G1HBE

Better than Nothing.

Where's it all gone?

 





 

I was born in 1953 and after attending St Anne's Primary School in Denton, Lancs, eventually went to Audenshaw Grammar School, where I failed to blossom into a young intellectual. I was always much happier fiddling around with radios and what-not. Luckily the school had a Radio Club, which met in the new physics lab every Monday after hours. The newspaper photo below shows me and my friend Pete fiddling with a (terrible!) Unica shortwave radio at our open day in 1967.
I also used to listen to the offshore pop pirate stations on MW. What a refreshing change they were to old, stuffy BBC.
There were three of us who were mucho into radio and electronics, and between us we made covert noise-makers, TV jammers (great fun outside TV shops..) and all manner of things. I also discovered amateur radio by accidentally tuning the family radio into topband one Sunday morning, and later an old TV into the 4-metre amateur band and the rot set in. I was hooked on listening to anything and everything.
I got a job in the TV repair trade. At about the same time I began illegaly transmitting, and discovered a 'net' of illegal operators using the bit of medium wave at the top of the dial. Great fun, but after a couple of years I was busted by the (then) GPO and fined £25 plus £35 costs, a lot of money in 1973.

 

 

 

 

 




 

 

 

 

 

The court wanted to confiscate my brand-new Trio 9R59DS receiver, but I surprised myself by digging in my heels and telling them they couldn't have it!
Then I really got stuck in.

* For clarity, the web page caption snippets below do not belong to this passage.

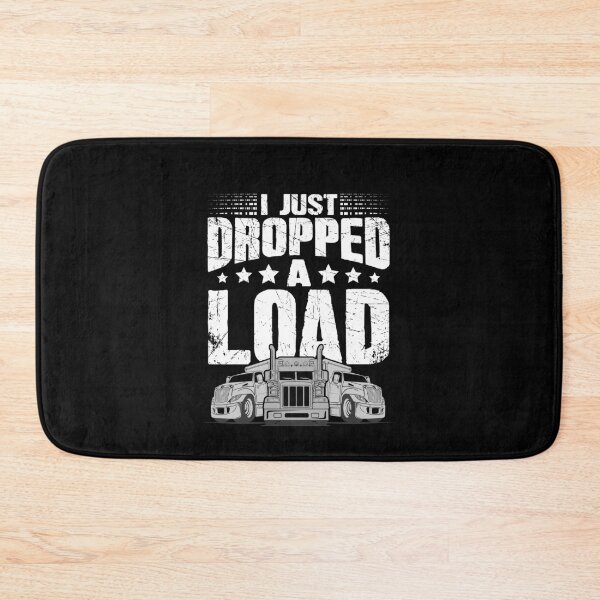 Item preview, Funny Trucker Truck Driver I Just Dropped A Load  designed and sold by Captain Mood.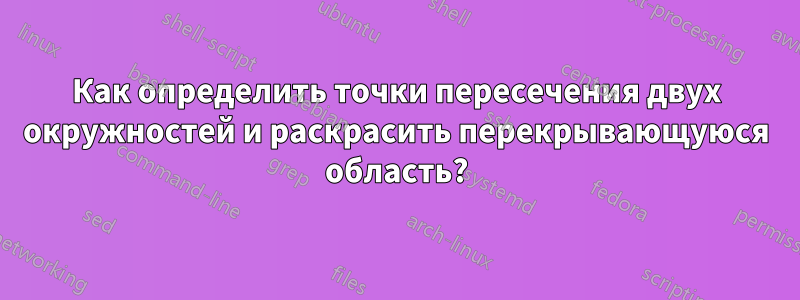 Как определить точки пересечения двух окружностей и раскрасить перекрывающуюся область?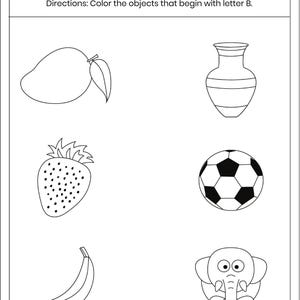 May include: A black and white educational worksheet titled Object Coloring with directions to color objects starting with the letter B. It features line art illustrations of a mango, a vase, a strawberry, a soccer ball, a banana, and an elephant.
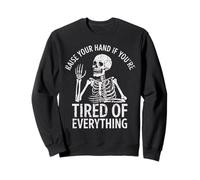 Raise Your Hand If you're Tired Of Everything, Sarcastic Sweatshirt
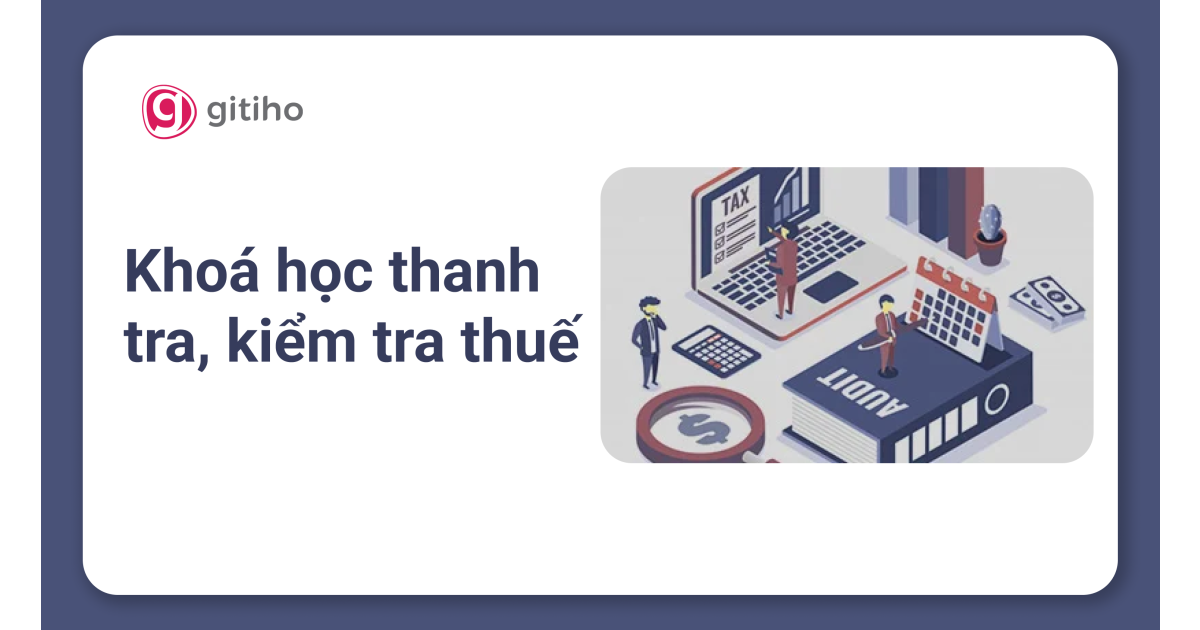 Khóa học thanh tra thuế: Toàn diện từ nguyên tắc đến ứng dụng thực tế trong doanh nghiệp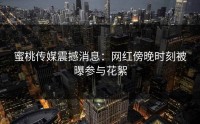 蜜桃传媒震撼消息：网红傍晚时刻被曝参与花絮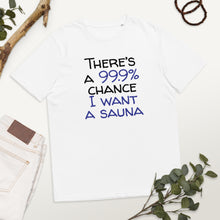 Load image into Gallery viewer, 99.9 chance of sauna... organic cotton t-shirt
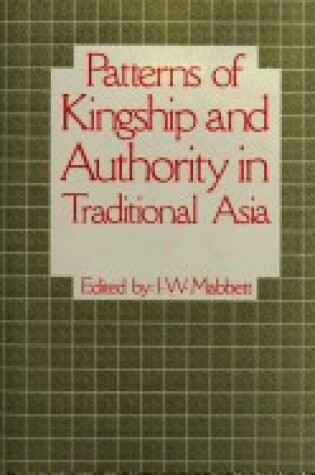 Cover of Patterns of Kingship and Authority in Traditional Asia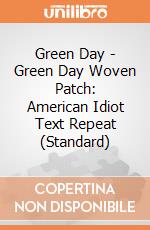 Green Day - Green Day Woven Patch: American Idiot Text Repeat (Standard) giochi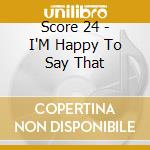 Score 24 - I'M Happy To Say That cd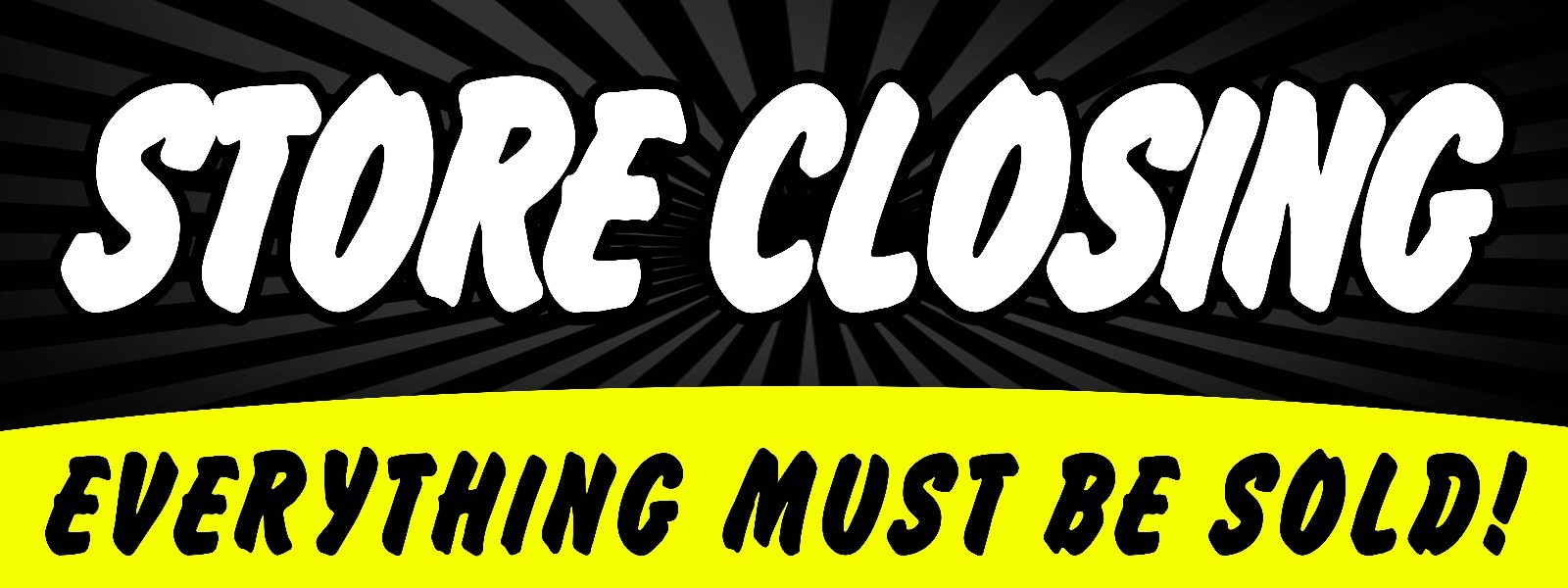 Store Closing Banner 18&Prime;x48&Prime; Free Shipping & Customization, Ready to Hang!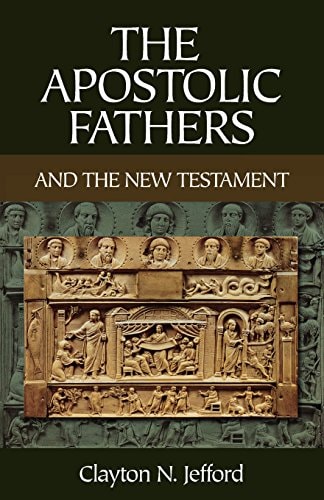 Apostolic Fathers and the New Testament, The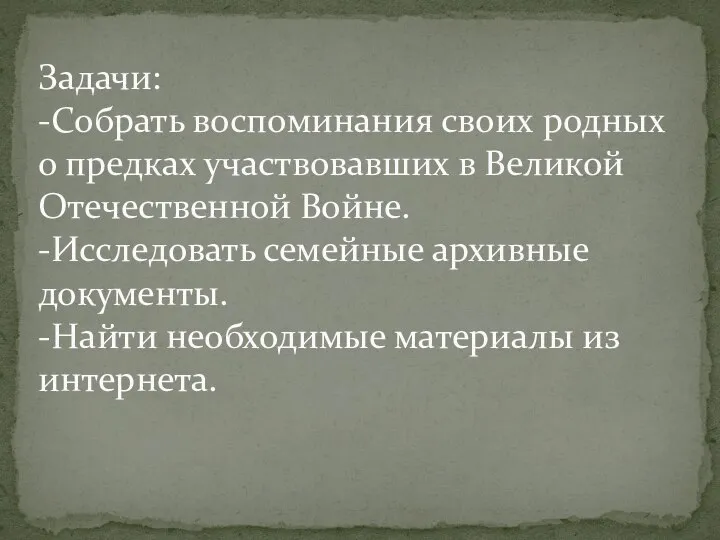 Задачи: -Собрать воспоминания своих родных о предках участвовавших в Великой Отечественной Войне.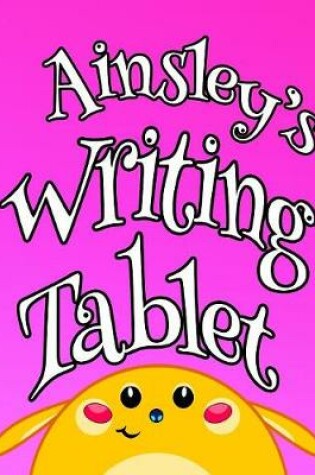 Cover of Ainsley's Writing Tablet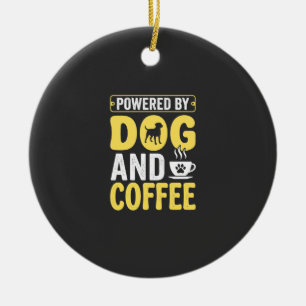 Hund Kaffee Liebhaber Angetrieben Von Design Keramik Ornament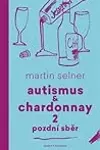 Autismus & Chardonnay 2: Pozdní sběr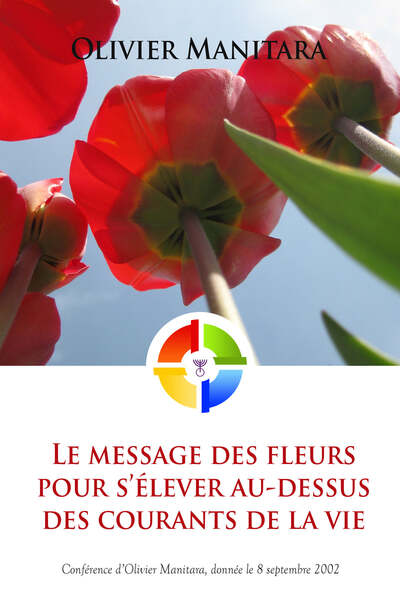 Le message des fleurs pour s’élever au-dessus des courants de la vie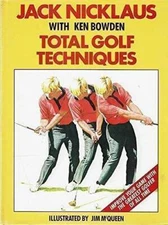 Total Golf Techniques - Paperback By Nicklaus, Jack - GOOD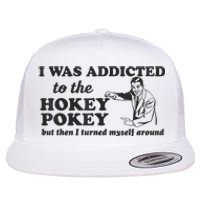 I Was Addicted To The Hokey Pokey Punny Dancing Dance Joke Flat Bill Trucker Hat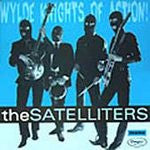 The Satelliters - Wylde Knights Of Action!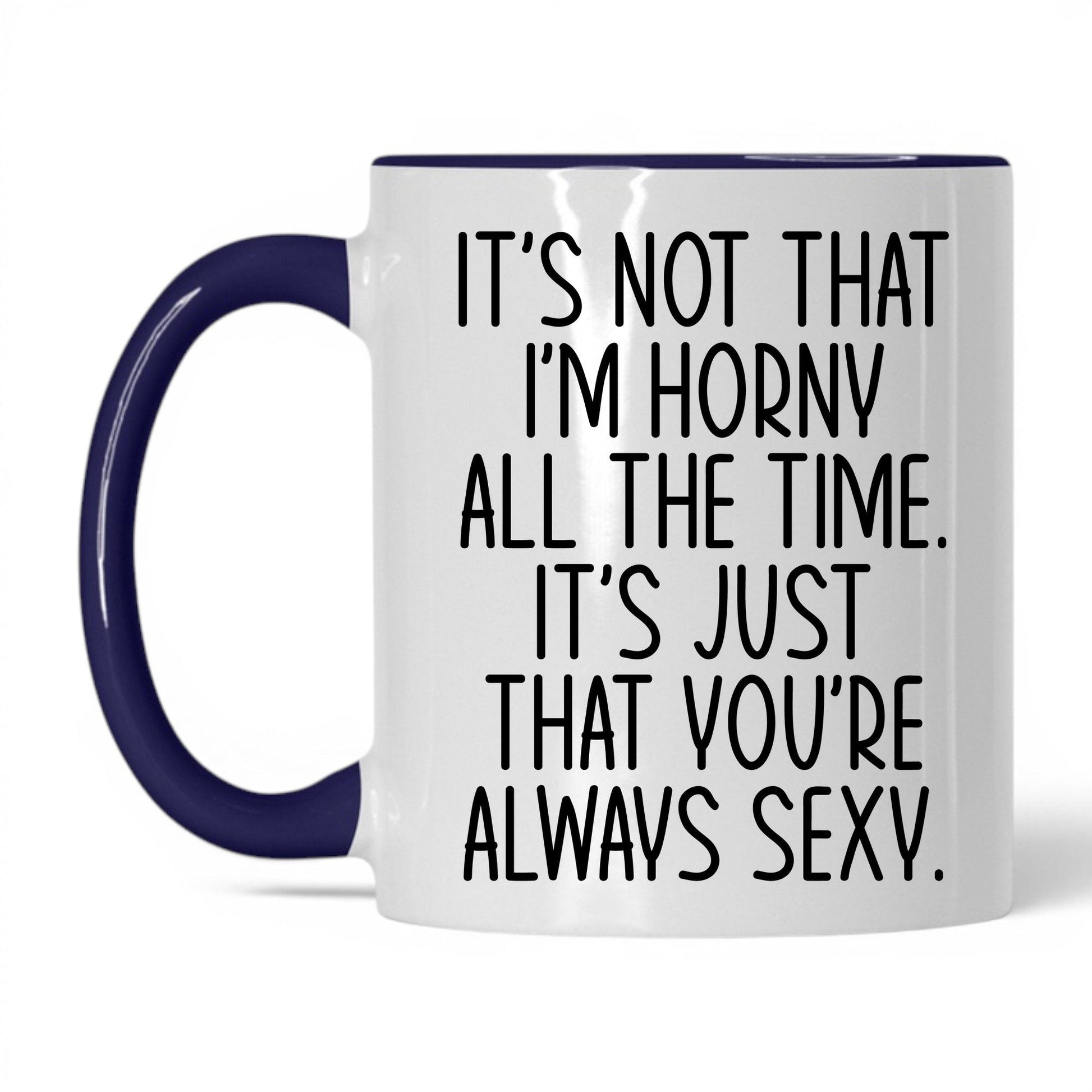 You're Always Sexy Mug – 11oz White/Midnight Blue Mug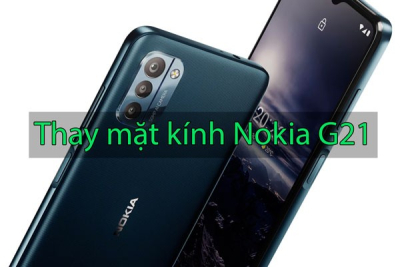 Thay mặt kính Nokia G21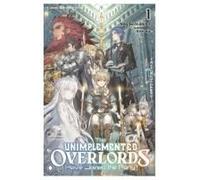 The Unimplemented Overlords Have Joined The Party!, Vol. 1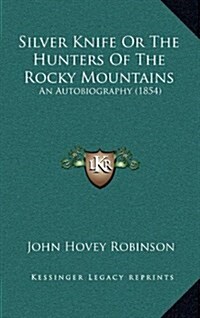 Silver Knife or the Hunters of the Rocky Mountains: An Autobiography (1854) (Hardcover)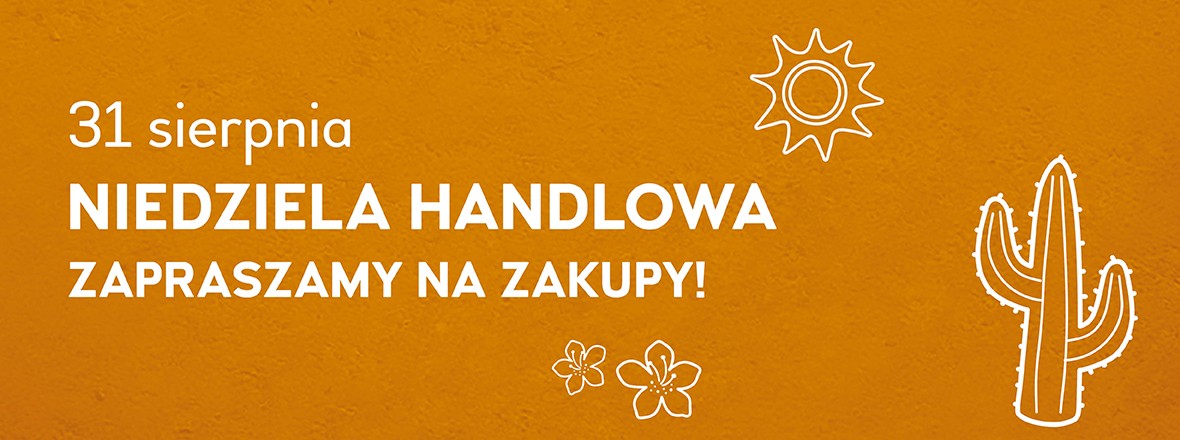 31 sierpnia niedziela handlowa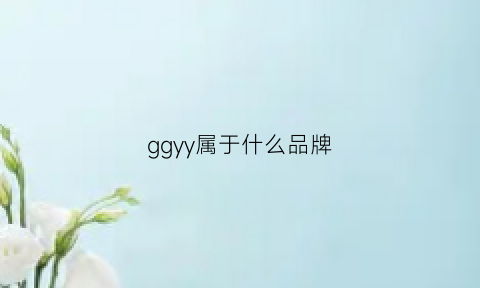 ggyy属于什么品牌(ggyy什么品牌衣服男)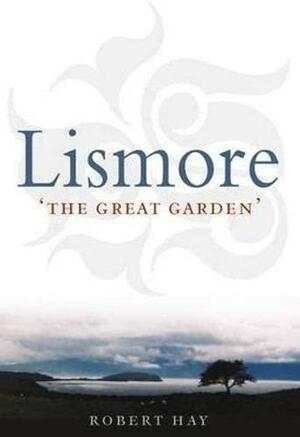 Lismore: The Great Garden by Robert K. M. Hay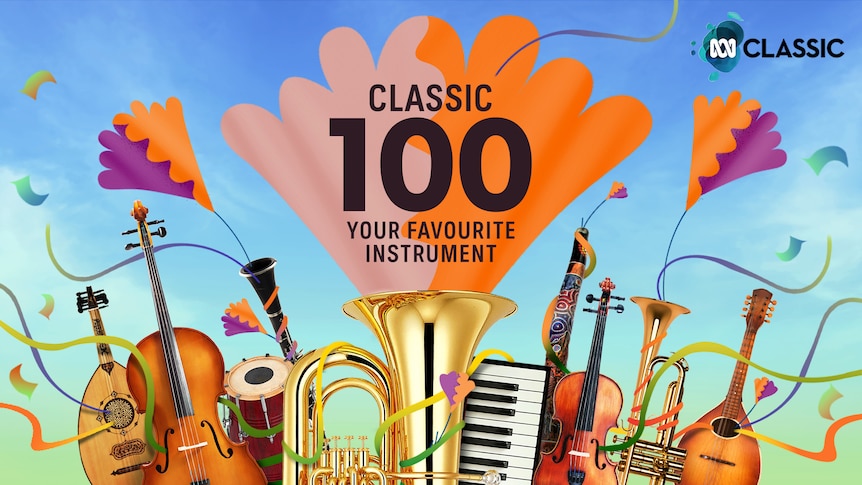 Instruments line up across the bottom of the image. "Classic 100:Your Favourite Instrument" comes out of a tuba bell.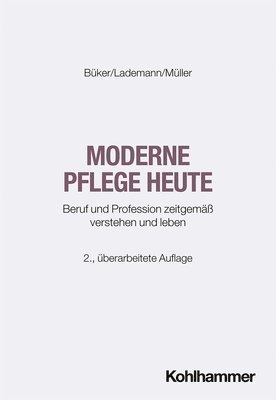 Christa Büker, Julia Lademann, Klaus Müller - Moderne Pflege heute, Häftad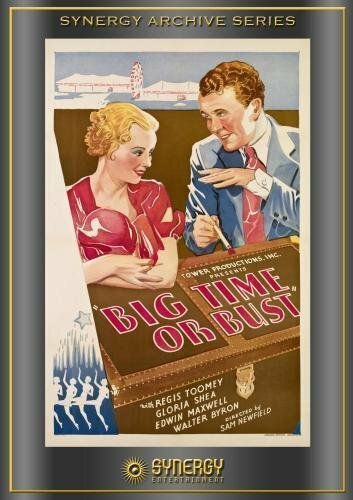 Смотреть фильм Big Time or Bust (1933) онлайн в хорошем качестве SATRip
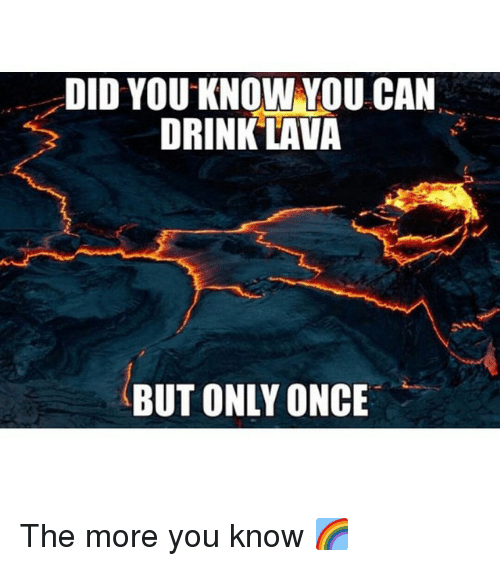 30 Fascinating "Did You Know Memes" That Will Shake You Up 8 did you know you can drink lava but only once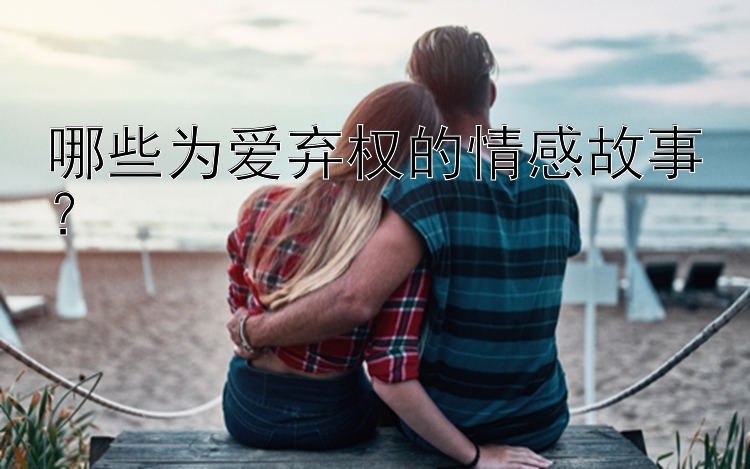 哪些为爱弃权的情感故事？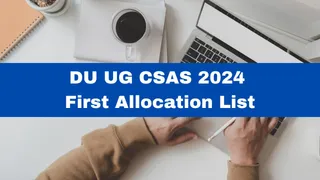 DU UG Admission 2024: Delhi University CSAS First Allocation List To Be Released Today At du.ac.in
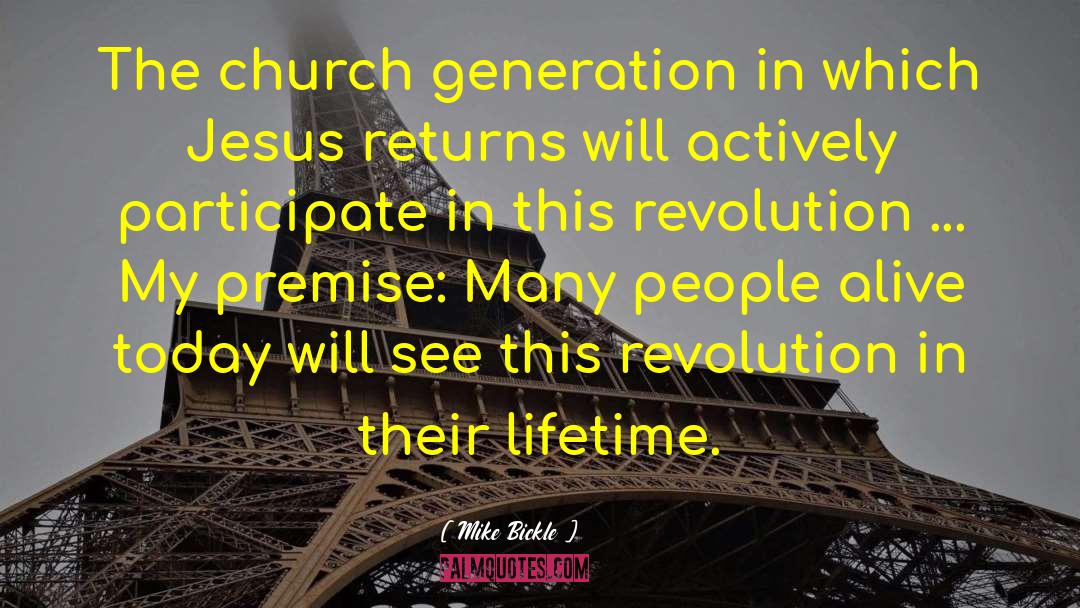 Mike Bickle Quotes: The church generation in which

I hooked up with a newly-started MW and FM pirate radio station in south Manchester. They'd just been raided (bloomin' GPO again!) and lost their FM transmitter and had fallen back on a rather crappy MW one. I went along to one of their broadcasts and found the temptation irresistable - I made all our MW transmitters for the next two years, two years of fun and court appearances. You can read all about it on the Aquarius page.
That all finished in 1975 and after a repeat performance - this time it was Andromeda Radio - in the early 80's I settled down and got my Amateur Radio licence, and about time too.
In 1981 got my first scanner - a JIL SX200 - and was amazed. Can you believe that before about the mid 70's there was no easy way of listening to er...stuff? Until then, if you wanted to listen to activity on VHF or UHF you had to use bulky old ex-services radios or cobble something together from old TV parts. The early scanners were usually 6 or 10 channel affairs, and you had to buy a crystal for every channel. By contrast the synthesized, go-anywhere SX200 was amazing! Next came the wonderful Icom 7000, a beautifully-built receiver. Then a few second-hand ones in quick succession: a Standard AX700 (wish I'd kept it), a Yaesu 9600 (terrible!) and an Icom 7100 (another beauty). Finally I have settled on the AOR AR5000, very nice indeed.

These days I pass the time by writing occasional articles for Radio magazines. Oh, I seem to have run out of story. Despite now being in my early 50's, I still think radio is somehow 'magic' and I can't imagine ever losing interest.